In the middle of these repeated revisions, Cambridge statistician David Spiegelhalter transformed the medical data on vaccine-related clotting cases and the impact of covid into an easy-to-grasp graphic that outlines the risk level for different age groups. A single glance is enough to explain the MHRA decision that this vaccine should not be offered to those under 30 — and enough to help anyone of any age see at a glance what the rational decision about getting the vaccine should be. In the age group 20-29, covid risk is substantially lower than the risk of vaccine-related blood clots based on the current data. In all other age groups, covid risk is substantially higher than the number who will be seriously harmed by the vaccine. (Though that is no comfort if you’re the friend or family of one of those people who is harmed.)
It’s a recurring theme among skeptics that humans are notoriously poor at assessing risk. For that reason, you’ll find that some of the same people who argued that covid’s fatality rate wasn’t significant enough to lockdown society to save lives … are now arguing that the 0.2 per 100,000 people aged 60-69 likely to experience serious harms due to the vaccine means it’s too dangerous to accept.
I suspect an important difference is that viral infection is something you avoid (if you can); taking a vaccine is something you do. Getting infected is bad luck; getting a serious illness or dying after being vaccinated means we made a bad decision. This perception remains true, I think, even if we got infected because we were stupid (hung out indoors with 100 drunks singing football songs with no social distancing or masks, all the windows closed, and no airflow) and the vaccination side effect was a one in a million chance that had never been reported before.
A day or two later, the US suspended the use of the one-shot Johnson and Johnson vaccine because of similar problems. “Six cases out of 7 million shots,” a friend commented, marveling at the decision to halt its use. You can see his point. And yet: “An abundance of caution.”
There are three reasons why this is a rational decision for the FDA to take: medical, social, and legal.
The legal issue is, of course, the US’s character as a highly litigious society. If the families of the six cases to date were to sue, the FDA and J&J could reasonably argue that emergency authorisation to use the vaccine was necessary in light of the ongoing crisis, and that no one knew the clotting problem would emerge. If the FDA did nothing and shots kept going ahead without any pause for thought, the next six cases could argue they were recklessly negligent.

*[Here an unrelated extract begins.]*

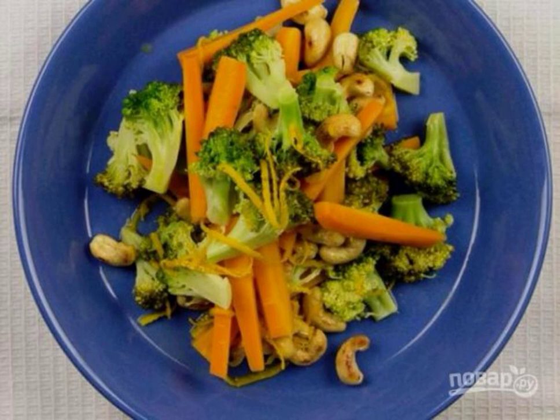A successful and original recipe for cooking broccoli in orange sauce. Unusual, with a delicate pleasant taste, delicious aroma, and a very bright dish. Cooking the dish is very easy and simple.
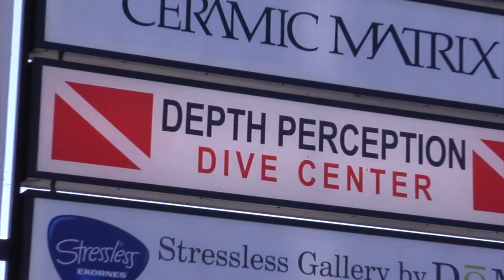My name is Jeffrey Douglas. I'm with Depth Perception Dive Center in Tampa, Florida, serving all of Florida, including North Florida and Cave Country. I have a new CCR to the market and new to the U.S., and I'd like to show it to you.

The medical issue is that where there are six cases there may well be more that haven’t been recognised or counted yet. Now that these six cases have come to light and been publicised, health authorities everywhere will be looking to see whether there are other cases that have so far been overlooked. The likelihood is that they will find at least a few. In addition, because the J&J vaccine has only been in use for a month and rollout has accelerated rapidly during that time and cases take one to two weeks to develop, it is also likely that there will be new cases emerging in the next week. By the time they finish counting, there will very likely be more than six, and risk estimates will have to be revised.
The social issue is the most crucial one. Trust is a crucial aspect of public health. Many parts of the US — and some parts of the UK — are on a knife edge over whether people will actually take the vaccine, for numerous reasons. Some are hesitant for historical reasons; white doctors’ experiments on black and brown people have a notorious and shameful history. Others are dubious simply because of the short time frame in which the vaccines have been developed and distributed. This is especially true of the “new mRNA vaccines” styling, which has sent the message that these have been slapped together at the last minute on a wing and a prayer rather than the result 20 years of painstaking research that just luckily happened to be ready when the coronavirus hit. Others, for one reason or another, are militantly against all vaccinations. There’s little you can do about the last group, but the first two are vastly larger, and for them trust is crucial. Pausing the vaccine rollout has a high cost in infections and human lives, but it builds trust that the authorities are paying attention to the data and acting swiftly to ensure safety. In the long term, that trust should save more lives than the pause will cost.